§ **PROBLEM STATEMENT**
Starting at the line that contains "Tracon 221PR černé", return each line exactly as written until the listing below ends, and return no other line.

§ **EXTRACTED RECORDS**
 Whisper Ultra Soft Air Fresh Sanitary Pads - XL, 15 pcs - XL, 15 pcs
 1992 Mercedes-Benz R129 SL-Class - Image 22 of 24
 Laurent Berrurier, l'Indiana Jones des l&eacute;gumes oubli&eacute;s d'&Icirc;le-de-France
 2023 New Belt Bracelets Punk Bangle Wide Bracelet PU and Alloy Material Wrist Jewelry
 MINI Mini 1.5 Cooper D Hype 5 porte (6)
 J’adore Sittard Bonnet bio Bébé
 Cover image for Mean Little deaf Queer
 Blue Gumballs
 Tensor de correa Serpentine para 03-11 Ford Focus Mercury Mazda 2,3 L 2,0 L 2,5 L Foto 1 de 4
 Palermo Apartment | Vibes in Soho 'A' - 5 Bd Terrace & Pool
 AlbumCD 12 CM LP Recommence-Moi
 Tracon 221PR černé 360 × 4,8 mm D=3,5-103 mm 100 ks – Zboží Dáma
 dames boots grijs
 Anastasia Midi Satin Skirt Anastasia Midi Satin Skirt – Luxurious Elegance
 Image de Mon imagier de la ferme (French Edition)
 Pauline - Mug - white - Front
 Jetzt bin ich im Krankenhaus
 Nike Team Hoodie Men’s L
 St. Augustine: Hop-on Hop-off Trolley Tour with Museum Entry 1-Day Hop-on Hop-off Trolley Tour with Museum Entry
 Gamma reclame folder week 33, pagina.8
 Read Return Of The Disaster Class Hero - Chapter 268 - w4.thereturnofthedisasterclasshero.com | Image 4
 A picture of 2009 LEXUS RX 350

§ **RESPONSE BOX**
 Tracon 221PR černé 360 × 4,8 mm D=3,5-103 mm 100 ks – Zboží Dáma
 dames boots grijs
 Anastasia Midi Satin Skirt Anastasia Midi Satin Skirt – Luxurious Elegance
 Image de Mon imagier de la ferme (French Edition)
 Pauline - Mug - white - Front
 Jetzt bin ich im Krankenhaus
 Nike Team Hoodie Men’s L
 St. Augustine: Hop-on Hop-off Trolley Tour with Museum Entry 1-Day Hop-on Hop-off Trolley Tour with Museum Entry
 Gamma reclame folder week 33, pagina.8
 Read Return Of The Disaster Class Hero - Chapter 268 - w4.thereturnofthedisasterclasshero.com | Image 4
 A picture of 2009 LEXUS RX 350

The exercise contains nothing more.